Molecular design of crown ethers. Part 9. Complexation thermodynamics of 1,4,7,10,13-pentaoxacyclohexadecane (16-crown-5) and its lariat derivative in methanol–water: solvent effect upon lariat complexation

Abstract

Calorimetric titrations have been performed in 60–100% methanol at 25 °C in order to obtain the complex stability constants (K_s) and the thermodynamic parameters for the stoichiometric 1 : 1 complexation of some alkali (Na⁺ and K⁺) and heavy metal (Ag⁺ and Tl⁺) ions with less symmetrical crown ethers, 1,4,7,10,13-pentaoxacyclohexadecane (16-crown-5)(1) and 15,15-dimethyl-16-crown-5 (2), and the lariat ether, 15-(2,5-dioxahexyl)-15-methyl-16-crown-5 (3). The thermodynamic quantities clearly indicate that the complex stability sequence is essentially entropy governed, although the complex formation itself is evidently enthalpy driven. The lower complex stabilities for 2 are attributed to the reduced enthalpic gains caused by the steric hindrance between the methyl substituents and the cation.
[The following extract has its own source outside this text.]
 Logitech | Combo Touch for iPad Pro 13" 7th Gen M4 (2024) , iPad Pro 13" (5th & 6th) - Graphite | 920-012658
This steric hindrance, however, helps to lock the ring conformation such that complexation can occur, as indicated by the less negative entropic changes for 2. The lariat effect is shown to be sensitive to solvent composition; the complex stability sequence for Na⁺ is 3 > 1 > 2 in 60–80% methanol but 1 > 3 > 2 in 100% methanol. Thermodynamically, the partial inversion of the stability sequence is attributed to the smaller entropic gain arising from the less effective desolvation by the lariat side arm in 100% methanol.